En février 1990, à Soweto, 100 000 personnes participent à un meeting organisé par l'ANC. © DHLADHLA/AFP

Les confessions de Nelson Mandela

Le Vif

A l’occasion de la parution d’un livre de Mémoires recomposés, la carrière de « Madiba » s’éclaire d’un jour nouveau. Extraits.

C’était un manuscrit en sommeil ; le voici soudain exhumé. Nelson Mandela le laissa inachevé, conscient de cette imperfection finale. Il ne trouva pas le temps de terminer ce précieux texte, résumé de sa vie et de son combat, qu’il avait commencé à écrire à la première personne du singulier. Il était trop sollicité par les rejaillissements de sa célébrité et, sans doute, déjà très fatigué.

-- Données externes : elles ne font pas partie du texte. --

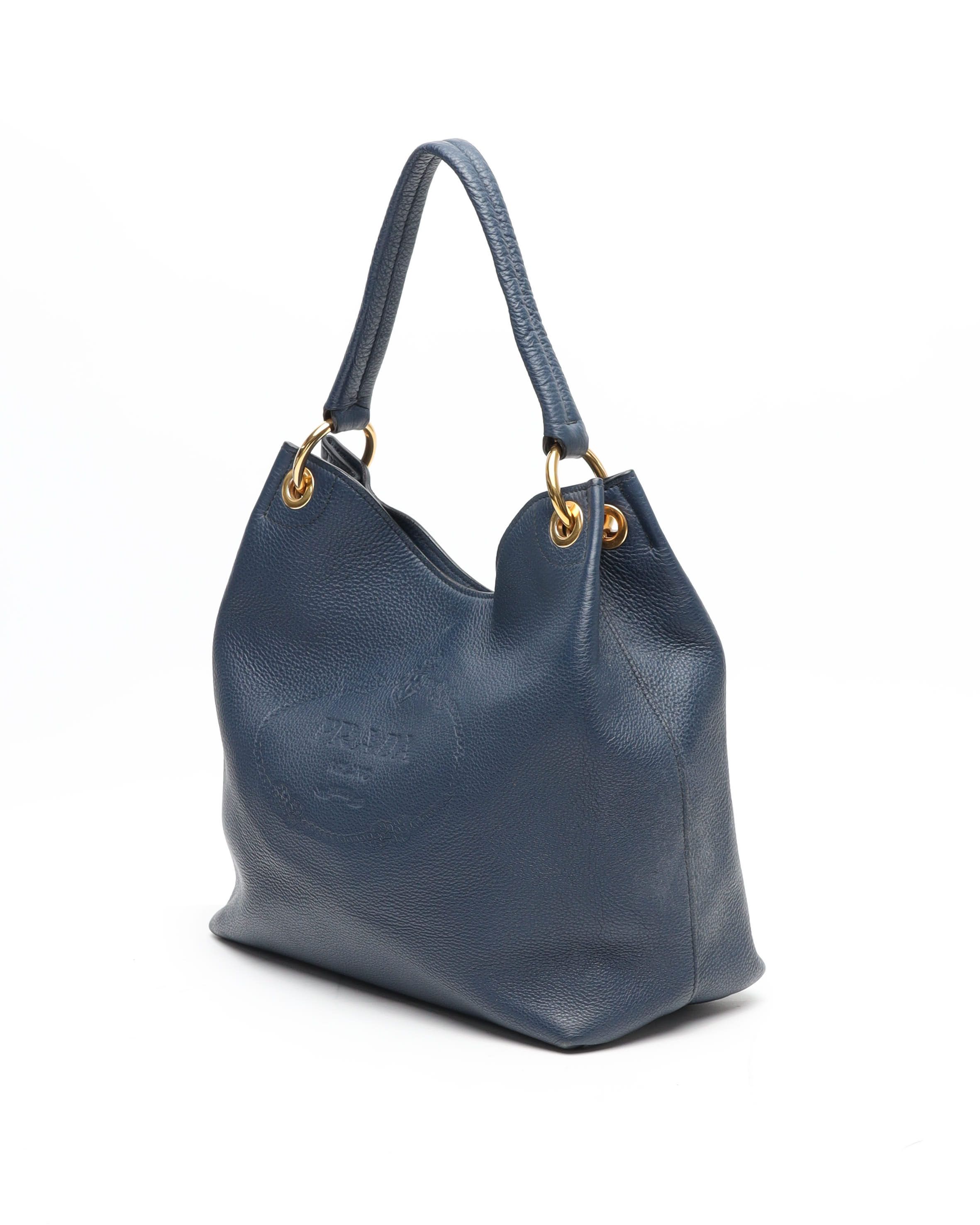 Prada Vitello Phenix Hobo Bag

Il revient à un collectif d’amis et de proches collaborateurs du grand homme d’avoir repris la plume et, fidèlement, de s’être mis au travail pour retracer l’itinéraire hors du commun de celui qui sortit à la force du poignet l’Afrique du Sud d’un autre âge. Ainsi est né ce livre de Mémoires reconstitués – Etre libre, ce n’est pas seulement se débarrasser de ses chaînes (Plon) – dont Le Vif/L’Express livre en exclusivité des extraits très éclairants. Au fil des pages, on découvre un Mandela humain, complexe, en rien monolithique ni héroïque, un leader pragmatique contraint d’apprendre à concilier humanisme et réalisme. Ces confessions posthumes, écrites avec le plus grand désir de vérité, rendent ce document exceptionnel. Extraits.

 » Il respectait les chefs traditionnels en ceci qu’ils avaient le respect et le soutien de leur communauté.  » Ici, en juin 1991.© J. KOPEC/CAMERAPRESS/GAMMA

« Jetez vos armes à feu à la mer ! »

Le 11 février 1990 vint enfin le moment pour Nelson Mandela de rentrer chez lui. Une frange considérable de la population mondiale vit en direct cet après-midi-là Mandela franchir les portes de la prison Victor-Verster. […]

Pour le compte du New Yorker, Zoë Wicomb réussit à capter l’essence de ce moment :  » Mandela ne ressemblait aucunement aux portraits d’artistes d’un boxeur vieillissant qui avaient circulé. Ce jour-là, un grand et bel inconnu fit son entrée dans le monde. Son visage avait été transfiguré en plans sculptés évoquant les relations passées des Xhosa et des Khoï, et la curieuse raie qui séparait ses cheveux avait disparu. Mannequins et philosophes soupiraient de concert.  »

Même si Mandela restait le premier parmi ses pairs, il était averti du danger comme tout un chacun. Il était aussi conscient de la violence qui dévastait le pays. Chaque province avait son lot de malheur, le Natal étant le plus touché par la brutalité. C’est là que le Parti de la liberté Inkatha (IFP), appuyé par des éléments infiltrés des forces de police sud-africaines, menait une guerre contre l’ANC et ses partisans. Les midlands du Natal et de nombreuses parties du Natal urbain devinrent des zones interdites à la fois aux forces de l’ordre et à l’ANC.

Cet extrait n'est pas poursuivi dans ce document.